Step 2: Prep Streaming/Library Data
Please refer to my previous article, Visualizing Spotify Data with Python and Tableau. Note the only change is that when we merge the two dataframes, we will drop all the streamed songs that are not in our library by filtering out the null values (see below).
# create final dict as a copy df_stream
df_tableau = df_stream.copy()
# left join with df_library on UniqueID to bring in album and track_uri
df_tableau = pd.merge(df_tableau, df_library[['album','UniqueID','track_uri']],how='left',on=['UniqueID'])
# drop all songs that aren't in our Library, aka library data values like track uri not filled in
df_tableau = df_tableau[df_tableau['track_uri'].notna()]
df_tableau.head()
Step 3: Create New Spotify Project
Log into your developer account here. In your dashboard, create a new project. Once created, you can retrieve your ‘Client ID’ and ‘Client Secret.’ We’ll use these in Step 4.
Step 4: Create Audio Feature Dataframe using Spotify’s API
First we’ll use our Client ID and Client Secret to generate an access token so we can pull data from Spotify’s API. Note: this token has to be regenerated after one hour. I figured out how to do this using the help of this post.
# save your IDs from new project in Spotify Developer Dashboard
CLIENT_ID = 'PASTE-YOURS-HERE'
CLIENT_SECRET = 'PASTE-YOURS-HERE'
# generate access token
# authentication URL
AUTH_URL = 'https://accounts.spotify.com/api/token'
# POST
auth_response = requests.post(AUTH_URL, {
'grant_type': 'client_credentials',
'client_id': CLIENT_ID,
'client_secret': CLIENT_SECRET,
})
# convert the response to JSON
auth_response_data = auth_response.json()
# save the access token
access_token = auth_response_data['access_token']
# used for authenticating all API calls
headers = {'Authorization': 'Bearer {token}'.format(token=access_token)}
# base URL of all Spotify API endpoints
BASE_URL = 'https://api.spotify.com/v1/'
Now we’ll pull the metrics associated with each track_uri in our library and add them to a dictionary.

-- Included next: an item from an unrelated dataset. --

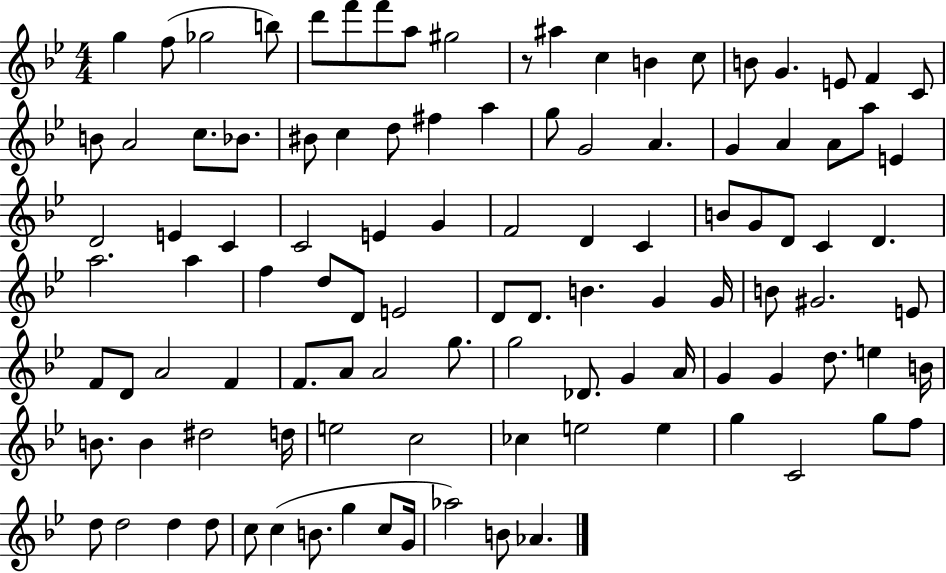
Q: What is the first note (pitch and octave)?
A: G5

I’ve chosen the six metrics listed above, but check out Spotify’s console to find out how to pull the metrics you’re interested in.
# create blank dictionary to store audio features
feature_dict = {}
# convert track_uri column to an iterable list
track_uris = df_library['track_uri'].to_list()
# loop through track URIs and pull audio features using the API,
# store all these in a dictionary
for t_uri in track_uris:
feature_dict[t_uri] = {'popularity': 0,
'danceability': 0,
'energy': 0,
'speechiness': 0,
'instrumentalness': 0,
'tempo': 0}
r = requests.get(BASE_URL + 'tracks/' + t_uri, headers=headers)
r = r.json()
feature_dict[t_uri]['popularity'] = r['popularity']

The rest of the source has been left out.